ZeroMQ 字数统计应用程序在 spark 1.2.1 中编译时出错

ZeroMQ word count app gives error when you compile in spark 1.2.1

我正在尝试将 zeromq 数据流设置为 spark。基本上我拿了 ZeroMQWordCount.scala 应用程序并尝试重新编译它并 运行 它。

我安装了zeromq 2.1和spark 1.2.1 这是我的 Scala 代码:

package org.apache.spark.examples.streaming

import akka.actor.ActorSystem
import akka.actor.actorRef2Scala
import akka.zeromq._
import akka.zeromq.Subscribe
import akka.util.ByteString

import org.apache.spark.streaming.{Seconds, StreamingContext}
import org.apache.spark.streaming.StreamingContext._
import org.apache.spark.streaming.zeromq._

import scala.language.implicitConversions
import org.apache.spark.SparkConf

object ZmqBenchmark {
  def main(args: Array[String]) {
    if (args.length < 2) {
      System.err.println("Usage: ZmqBenchmark <zeroMQurl> <topic>")
      System.exit(1)
    }
    //StreamingExamples.setStreamingLogLevels()
    val Seq(url, topic) = args.toSeq
    val sparkConf = new SparkConf().setAppName("ZmqBenchmark")
    // Create the context and set the batch size
    val ssc = new StreamingContext(sparkConf, Seconds(2))

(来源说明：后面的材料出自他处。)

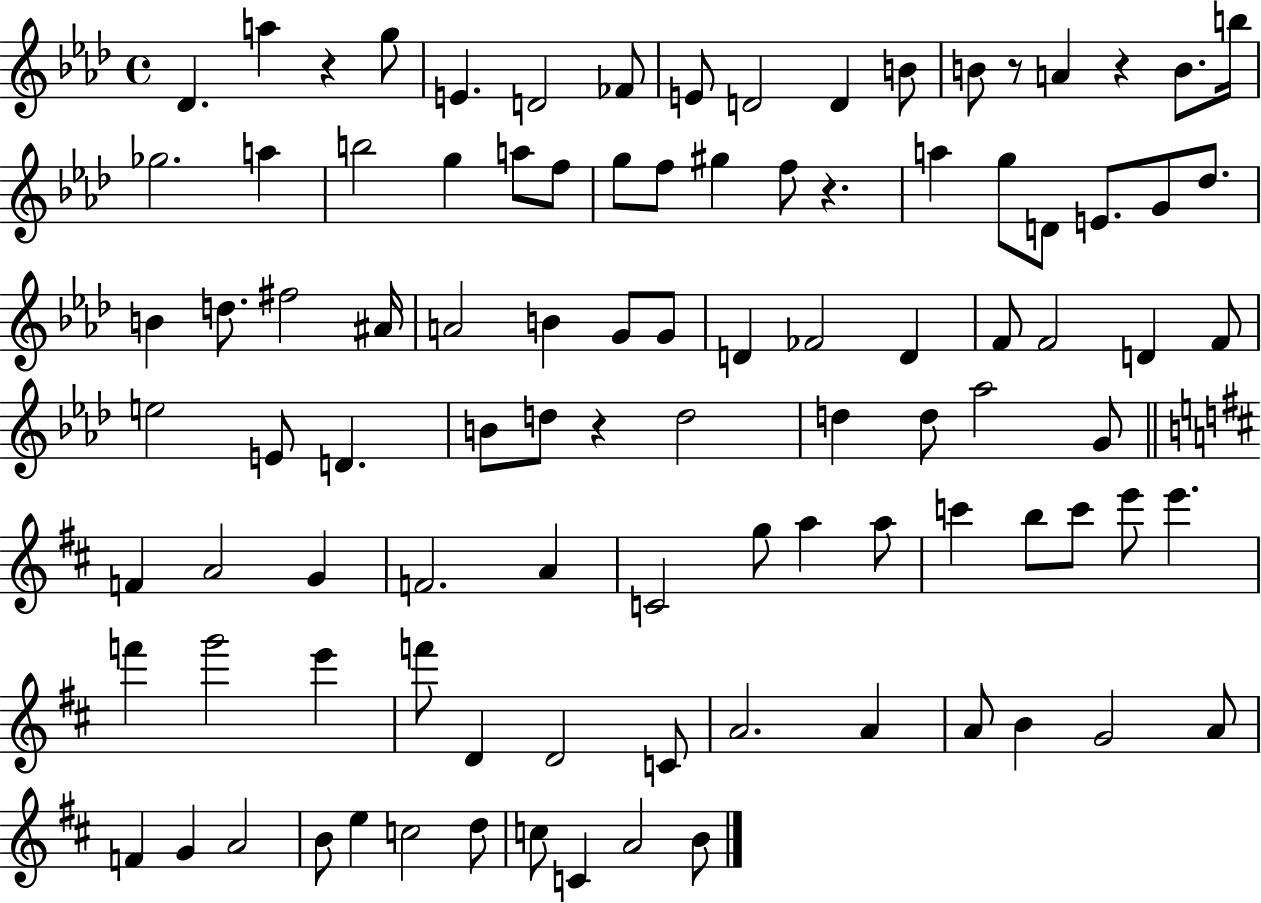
Db4/q. A5/q R/q G5/e E4/q. D4/h FES4/e E4/e D4/h D4/q B4/e B4/e R/e A4/q R/q B4/e. B5/s Gb5/h. A5/q B5/h G5/q A5/e F5/e G5/e F5/e G#5/q F5/e R/q. A5/q G5/e D4/e E4/e. G4/e Db5/e. B4/q D5/e. F#5/h A#4/s A4/h B4/q G4/e G4/e D4/q FES4/h D4/q F4/e F4/h D4/q F4/e E5/h E4/e D4/q. B4/e D5/e R/q D5/h D5/q D5/e Ab5/h G4/e F4/q A4/h G4/q F4/h. A4/q C4/h G5/e A5/q A5/e C6/q B5/e C6/e E6/e E6/q. F6/q G6/h E6/q F6/e D4/q D4/h C4/e A4/h. A4/q A4/e B4/q G4/h A4/e F4/q G4/q A4/h B4/e E5/q C5/h D5/e C5/e C4/q A4/h B4/e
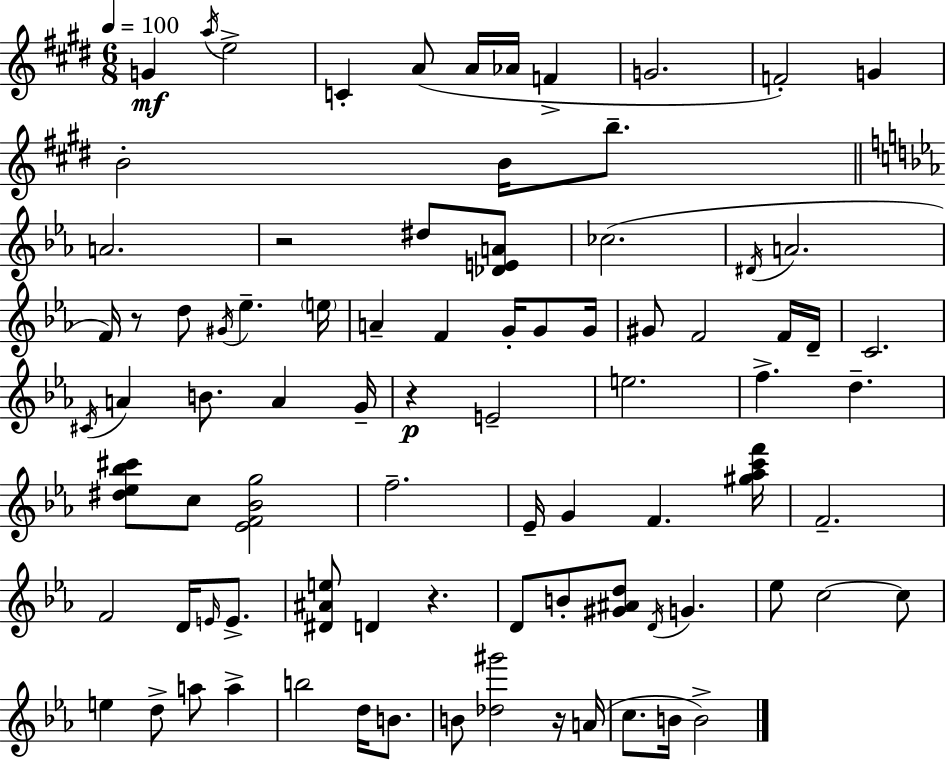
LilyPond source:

{
  \clef treble
  \numericTimeSignature
  \time 6/8
  \key e \major
  \tempo 4 = 100
  \repeat volta 2 { g'4\mf \acciaccatura { a''16 } e''2-> | c'4-. a'8( a'16 aes'16 f'4-> | g'2. | f'2-.) g'4 | \break b'2-. b'16 b''8.-- | \bar "||" \break \key ees \major a'2. | r2 dis''8 <des' e' a'>8 | ces''2.( | \acciaccatura { dis'16 } a'2. | \break f'16) r8 d''8 \acciaccatura { gis'16 } ees''4.-- | \parenthesize e''16 a'4-- f'4 g'16-. g'8 | g'16 gis'8 f'2 | f'16 d'16-- c'2. | \break \acciaccatura { cis'16 } a'4 b'8. a'4 | g'16-- r4\p e'2-- | e''2. | f''4.-> d''4.-- | \break <dis'' ees'' bes'' cis'''>8 c''8 <ees' f' bes' g''>2 | f''2.-- | ees'16-- g'4 f'4. | <gis'' aes'' c''' f'''>16 f'2.-- | \break f'2 d'16 | \grace { e'16 } e'8.-> <dis' ais' e''>8 d'4 r4. | d'8 b'8-. <gis' ais' d''>8 \acciaccatura { d'16 } g'4. | ees''8 c''2~~ | \break c''8 e''4 d''8-> a''8 | a''4-> b''2 | d''16 b'8. b'8 <des'' gis'''>2 | r16 a'16( c''8. b'16 b'2->) | \break } \bar "|."
}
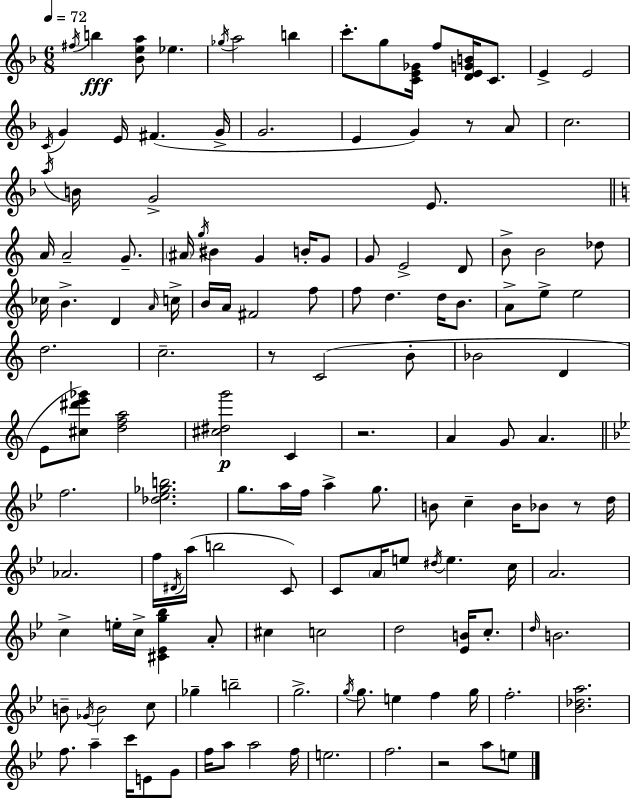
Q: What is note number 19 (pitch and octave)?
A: E4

    def bytesToStringIterator(x: Seq[ByteString]) = (x.map(_.utf8String)).iterator

    // For this stream, a zeroMQ publisher should be running.
    val lines = ZeroMQUtils.createStream(ssc, url, Subscribe(topic), bytesToStringIterator _)
    val words = lines.flatMap(_.split(" "))
    val wordCounts = words.map(x => (x, 1)).reduceByKey(_ + _)
    wordCounts.print()
    ssc.start()
    ssc.awaitTermination()
  }
}

这是我的 .sbt 依赖文件:

name := "ZmqBenchmark"

version := "1.0"

scalaVersion := "2.10.4"

resolvers += "Typesafe Repository" at "http://repo.typesafe.com/typesafe/releases/"

resolvers += "Sonatype (releases)" at "https://oss.sonatype.org/content/repositories/releases/"

libraryDependencies += "org.apache.spark" % "spark-core_2.10" % "1.2.1"

libraryDependencies += "org.apache.spark"  %% "spark-streaming" % "1.2.1"

libraryDependencies += "org.apache.spark" % "spark-streaming-zeromq_2.10" % "1.2.1"

libraryDependencies += "com.typesafe.akka" %% "akka-actor" % "2.2.0"

libraryDependencies += "org.zeromq" %% "zeromq-scala-binding" % "0.0.6"

libraryDependencies += "com.typesafe.akka" % "akka-zeromq_2.10.0-RC5" % "2.1.0-RC6"

libraryDependencies += "org.apache.spark" % "spark-examples_2.10" % "1.1.1"

libraryDependencies += "org.spark-project.zeromq" % "zeromq-scala-binding_2.11" % "0.0.7-spark"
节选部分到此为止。